10.1002/solr.202500613
Open Access Version

Abstract:
Optical performance of perovskite-based solar cells can be enhanced by utilizing fully textured interfaces. However, solution processing of perovskite films on textured surfaces is a nonstraightforward and challenging process, particularly if optically most efficient micrometer-sized textures are used. In this work, we present fully textured solution-processed perovskite solar cells on periodic inverted micropyramids. The textures have a period of 4 μm with varying pyramid depths and are fabricated by wet-chemical etching of silicon with subsequent replication on glass substrates using nanoimprint lithography. Inverted pyramids are shown to enable low reflectance similar to random micropyramids on silicon. Additionally, they are able to confine perovskite precursor solution within its structure during spin coating, resulting in a conformal, fully textured perovskite film.
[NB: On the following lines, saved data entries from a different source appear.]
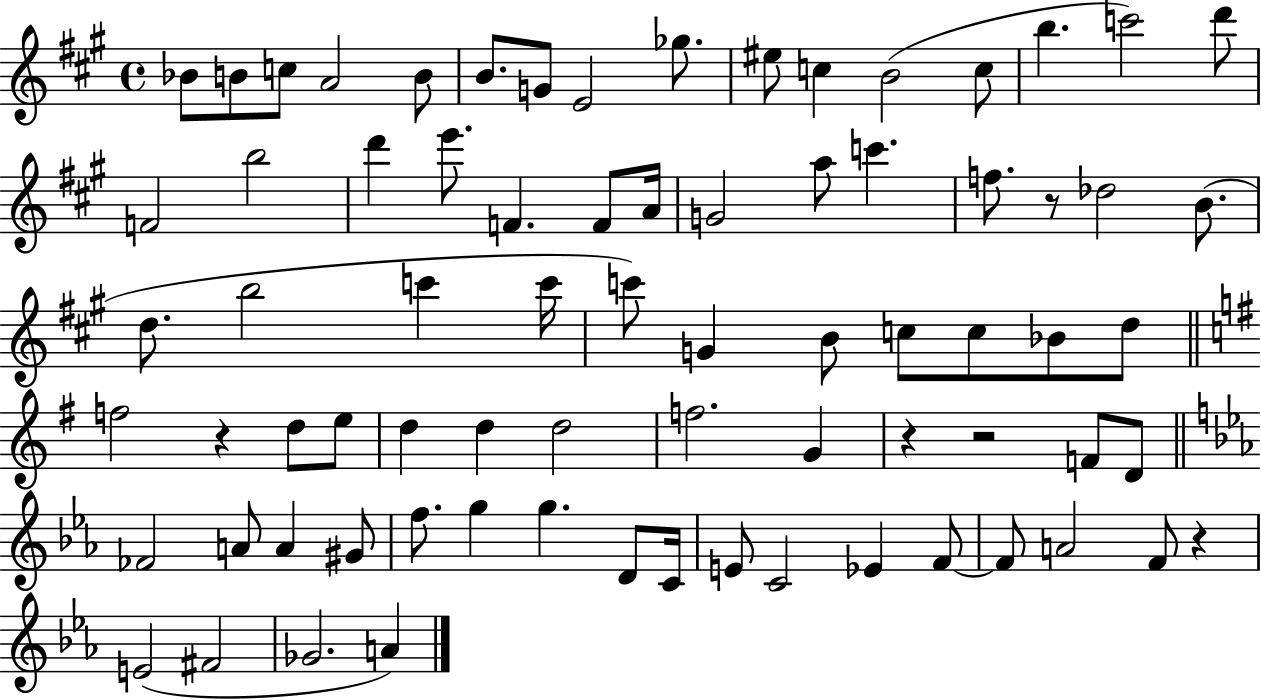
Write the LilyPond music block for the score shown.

{
  \clef treble
  \time 4/4
  \defaultTimeSignature
  \key a \major
  \repeat volta 2 { bes'8 b'8 c''8 a'2 b'8 | b'8. g'8 e'2 ges''8. | eis''8 c''4 b'2( c''8 | b''4. c'''2) d'''8 | \break f'2 b''2 | d'''4 e'''8. f'4. f'8 a'16 | g'2 a''8 c'''4. | f''8. r8 des''2 b'8.( | \break d''8. b''2 c'''4 c'''16 | c'''8) g'4 b'8 c''8 c''8 bes'8 d''8 | \bar "||" \break \key e \minor f''2 r4 d''8 e''8 | d''4 d''4 d''2 | f''2. g'4 | r4 r2 f'8 d'8 | \break \bar "||" \break \key ees \major fes'2 a'8 a'4 gis'8 | f''8. g''4 g''4. d'8 c'16 | e'8 c'2 ees'4 f'8~~ | f'8 a'2 f'8 r4 | \break e'2( fis'2 | ges'2. a'4) | } \bar "|."
}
We demonstrate that the resulting fully textured single-junction perovskite solar cells feature a reduced reflection loss of up to 1.2 mA/cm2 in short-circuit current density. Moreover, we observe that the amount of lead iodide in the perovskite precursor solution crucially impacts growth and nonradiative recombination losses of the fully textured perovskite solar cells on inverted micropyramids. Finally, we prove the versatility of our approach by also demonstrating conformal coating with slot-die coating, which is a scalable process considered for industrial application.